Adjusting Your Negative Core Beliefs

1. Choose One Negative Core Belief

If you have identified a number of negative core beliefs, choose only ONE to begin working on.

You could choose the one that is of greatest concern to work on now or one that is related to any biased expectations, negative self-evaluations, or unhelpful rules and assumptions that you have previously worked on.

Write that negative core belief in the top box of the ‘Adjusting Core Beliefs Worksheet’ in the download section.

Also note how much you believe the negative core belief at now, when it’s most convincing, and when it’s least convincing. Note how the negative core belief makes you feel.

Throughout this module, you will need to keep referring to this worksheet and completing the relevant sections as we go.

This will ensure that as you work through your negative core belief and tackle it, you have a clear record of this process to refer to at anytime in the future.

Once you have worked through the process of adjusting this first negative core belief, you will then be able to apply it to other negative core beliefs you might want to change.


2. Develop a Balanced Core Belief

Now it’s time to develop an alternative core belief to replace your old negative one.

When developing a new core belief, you want to aim for something that is more positive, balanced, and realistic.

Think of something that is a more accurate reflection of yourself. It is important that the work you do on your negative core beliefs is not just about squashing the belief that you have been carrying around, but also about promoting a new balanced view of yourself.

So it is not so much about saying what you are not (eg., “I am not stupid”), but more about saying what you are (eg., “I am capable in many ways”).

From the work you have done in previous modules, you may already have some idea of what a more balanced core belief might be.

It might be the opposite to your old belief (eg., “I am incompetent”) (“I am competent”), a more moderate view of yourself (eg., “I am a failure”) (“I am great at many things, average at other things, and weaker in some areas like anyone else”), or something else (eg., “I am no good”) (“I am a worthwhile person”).

The important thing is that the new belief is more balanced, weighing up all the information (not just the negative) available, and including both your strengths and weaknesses.
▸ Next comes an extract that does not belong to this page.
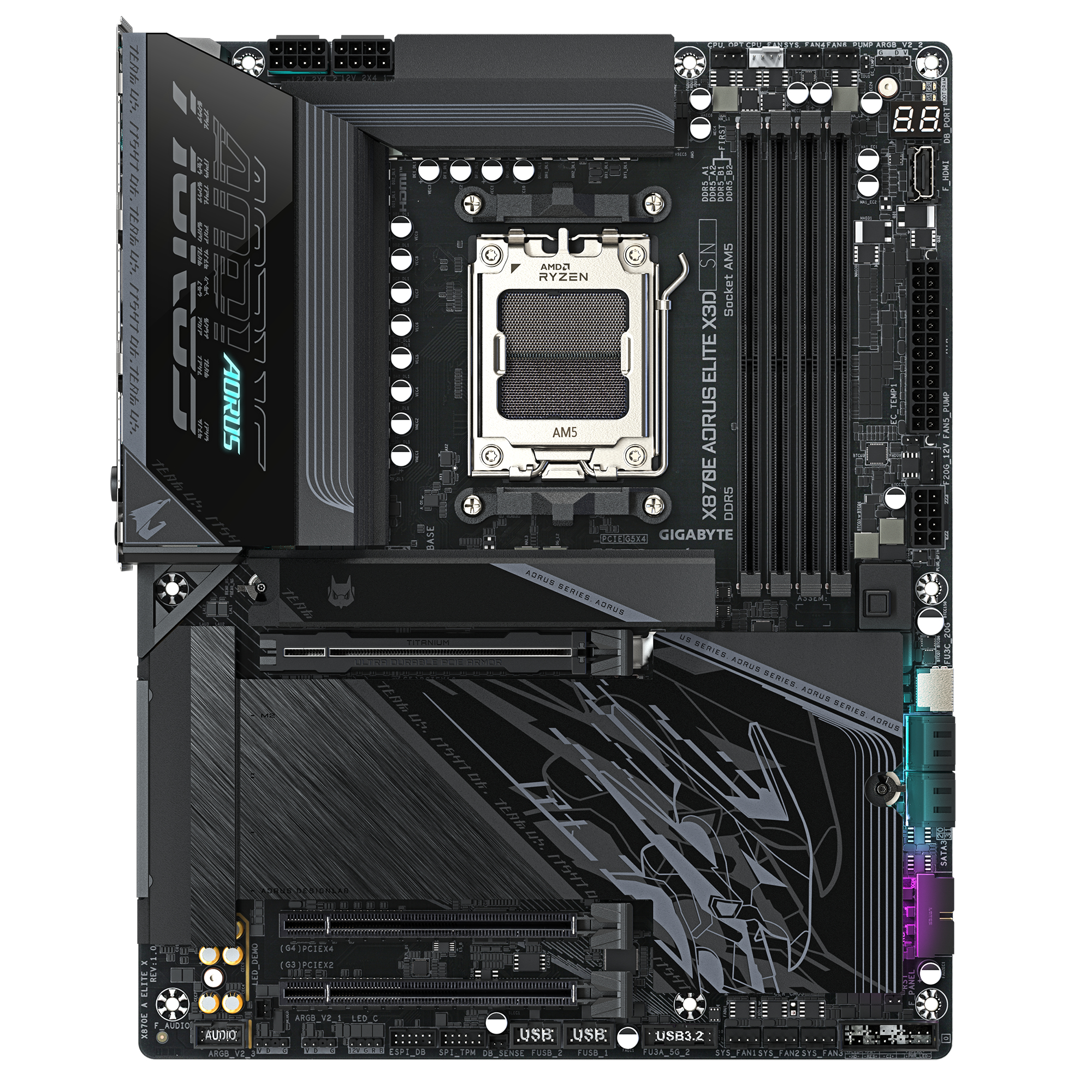Gigabyte X870E AORUS ELITE X3D Mainboard – Unterstützt AMD Ryzen 9000 Prozessoren, 16+2+2-Phasen Digital-VRM, bis zu 9000 Hz DDR5 (OC), 2 x PCIe 5.0 + 2 x PCIe 4.0, Wi-Fi 7, 5 GbE LAN, USB 4, AMD, Sockel AM5, AMD Ryzen 7000 Series, AMD Ryzen 8000 Seri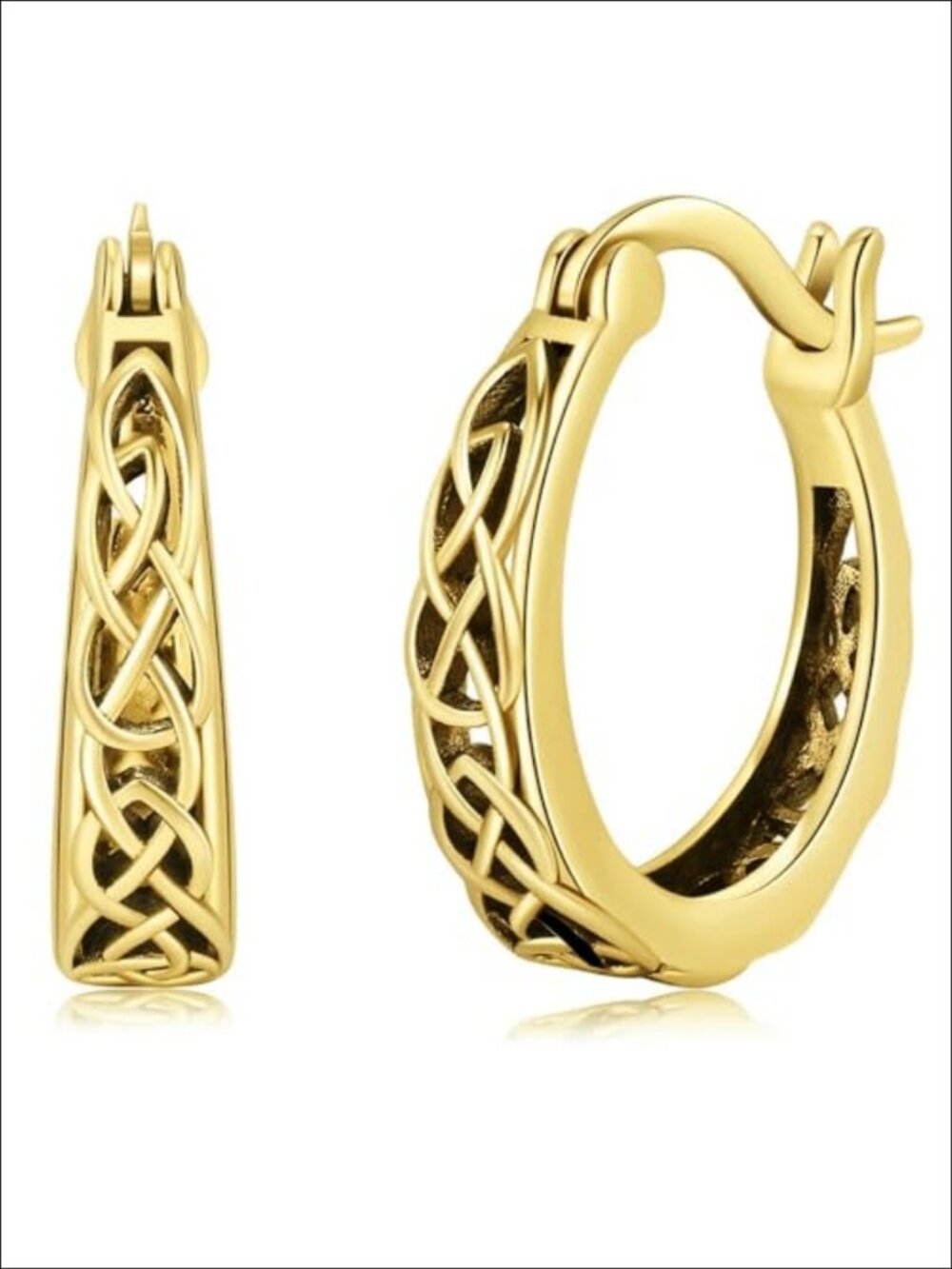 14K Gold Plated Celtic Knot Hoop Earrings for Women 17mm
When developing a new core belief, ensure that your worth as a person is not being determined by only your faults or weaknesses.

Also make sure that you are not painting an overly positive view of yourself (eg., “I am perfect in every way”), as this will be unrealistic, and it is unlikely that you will believe it.

Remember not to discount any new alternative core beliefs on the basis that you don’t fulfill these 100% (eg., “I can’t put down that I am competent because sometimes I get things wrong.”). No one is capable of such feats of perfection, so instead, accept that you are your new view of yourself – not perfect, but “good enough.”

Now that you have an idea of your new balanced core belief, write it in the ‘Adjusting Negative Core Beliefs’ worksheet’ (in the download section).

Also note how much you believe this new core belief at various times (now, when it is most convincing, and when it is least convincing) and how it makes you feel when you reflect on it.

In these early stages, you might not believe it a whole lot. That is to be expected, given that you have carried the other negative view of yourself around with you for some time.

To help you be more open to the new balanced view of yourself, let’s work through the process further.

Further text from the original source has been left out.